1 Startplatz, 2 Landeplatzätze
Ausführliche Recherche und lokales Wissen
Umfassender Analysebericht und Piloten-Leitfaden: Das Fluggelände Radspitze im Frankenwald Executive Summary
Das Fluggelände Radspitze, gelegen an der markanten geologischen Grenze der Fränkischen Linie im oberfränkischen Marktrodach, repräsentiert eines der technisch anspruchsvollsten und thermisch ergiebigsten Mittelgebirgsgelände in Deutschland. Die Analyse verdeutlicht, dass die Radspitze primär durch ihre Ausrichtung nach Südwesten und den charakteristischen, anspruchsvollen Schneisenstart definiert wird, der eine überdurchschnittliche Schirmbeherrschung und präzise Startentscheidungen erfordert. Mit einer Höhendifferenz von etwa 270 Metern bietet das Gelände exzellente Bedingungen für dynamisches Soaring und den Einstieg in überregionale Streckenflüge entlang des Frankenwald-Rückens. Der Zugang erfolgt ausschließlich zu Fuß, was in Kombination mit dem Fehlen von Seilbahnen eine sportliche Komponente (Hike & Fly) etabliert. Die Kooperation zwischen dem Geländehalter, den Nordbayerischen Drachenfliegern e.V. (NBDF), und dem Gleitschirmverein Rennsteig e.V. gewährleistet eine hervorragende Infrastruktur, inklusive moderner Wetterstationen und Webcams. Gastpiloten sind unter Einhaltung strenger Einweisungsregeln und einer Tagesmitgliedschaft willkommen, wobei Anfänger aufgrund der thermischen Turbulenzen und der engen Startschneise zur Vorsicht gemahnt werden.
Geologische und Topografische Analyse des Standorts
Die Radspitze (678 m ü. NN) ist nicht lediglich eine Erhebung im Frankenwald, sondern ein geomorphologischer Prallhang von besonderer Bedeutung. Ihre Positionierung direkt an der Fränkischen Linie – einer tektonischen Verwerfung, die das paläozoische Grundgebirge vom süddeutschen Schichtstufenland trennt – schafft eine markante Geländestufe. Diese Topografie fungiert bei südwestlichen Luftströmungen als effektive Aufwindquelle, da die anströmenden Luftmassen aus dem flacheren Vorland gezwungen werden, abrupt aufzusteigen.
Die strukturelle Beschaffenheit des Berges begünstigt die Entstehung von thermischen Ablösungen. Der nach Südwesten exponierte Hang erwärmt sich bereits ab dem späten Vormittag intensiv, während die bewaldeten Flanken die aufsteigende Warmluft kanalisieren. Für den Piloten bedeutet dies, dass die Radspitze oft auch dann noch fliegbar ist, wenn großräumige Wetterlagen in flacherem Gelände bereits stabilisieren. Die Analyse der lokalen Gegebenheiten zeigt zudem, dass die Radspitze als Eckpfeiler für Streckenflüge in Richtung Thüringer Wald fungiert, da sie den ersten signifikanten thermischen Triggerpunkt nach der Überquerung der Main-Ebene darstellt.

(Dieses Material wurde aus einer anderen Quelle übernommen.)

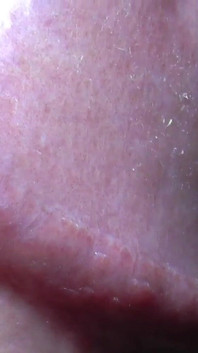 Tayson's glands or pearly papules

Technische Geländedaten im Überblick
Die folgende Tabelle fasst die präzisen geografischen und technischen Parameter zusammen, die für eine fundierte Flugplanung unerlässlich sind.

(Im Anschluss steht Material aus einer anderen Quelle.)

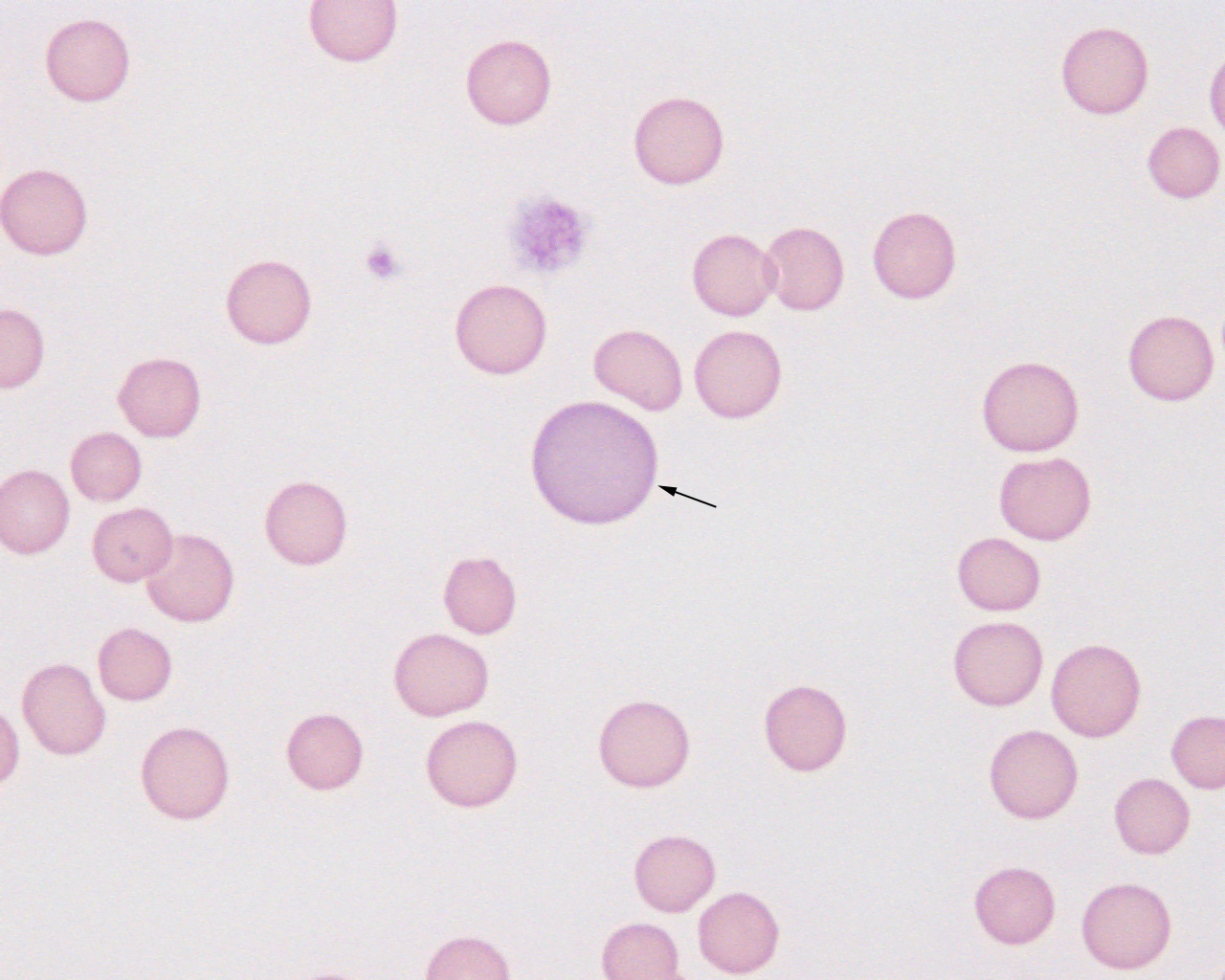 Regenerative anemia in a cat eClinpath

Parameter Spezifikation Quelle Startplatz-Koordinaten 50° 14' 07.41" N, 11° 26' 02.50" E Startplatz-Höhe 668 m ü. NN (MSL) Landeplatz-Höhe (GS) 410 m ü. NN (MSL) Landeplatz-Höhe (HG) 398 m ü. NN (MSL) Höhendifferenz ca. 270 m Zugelassene Startrichtungen SSW bis WSW (210° – 250°) Zulassung (Geräte) GS (Solo/Tandem), HG (Solo) Schwierigkeitsgrad Anspruchsvoll (C / Schwer) Logistische Infrastruktur und Zugang
Die Radspitze ist ein klassisches Hike & Fly Gelände, was die logistische Planung maßgeblich beeinflusst. Es existiert keine Bergbahn oder ein organisierter Shuttle-Betrieb. Dies hat zur Folge, dass die Frequenz am Startplatz im Vergleich zu alpinen Hotspots geringer ist, was die Qualität des Flugerlebnisses für Individualisten steigert.
Anreise und Parkraummanagement
Die Anfahrt erfolgt primär über die Bundesstraße B303, die Marktrodach mit Stadtsteinach verbindet. Piloten müssen eine strikte Trennung der Parkflächen beachten, um Konflikte mit Wanderern und Forstbehörden zu vermeiden.
Parkplatz Wanderhütte: Dieser Bereich ist primär für Gleitschirmpiloten vorgesehen. Von hier aus beginnt der direkte Aufstieg zum Gipfel.
Waldrand-Regelung: Eine Zufahrt bis zum Waldrand ist ausschließlich Hängegleiter-Piloten zum Zweck des Entladens gestattet. Nach dem Entladevorgang müssen die Fahrzeuge unverzüglich auf den offiziellen Parkplatz am Wanderheim zurückgesetzt werden.
Fahrverbot Aussichtsturm: Das Befahren der Wege in Richtung des Radspitzturms ist streng untersagt, da hierdurch die frischen Schotteraufschüttungen zerstört werden.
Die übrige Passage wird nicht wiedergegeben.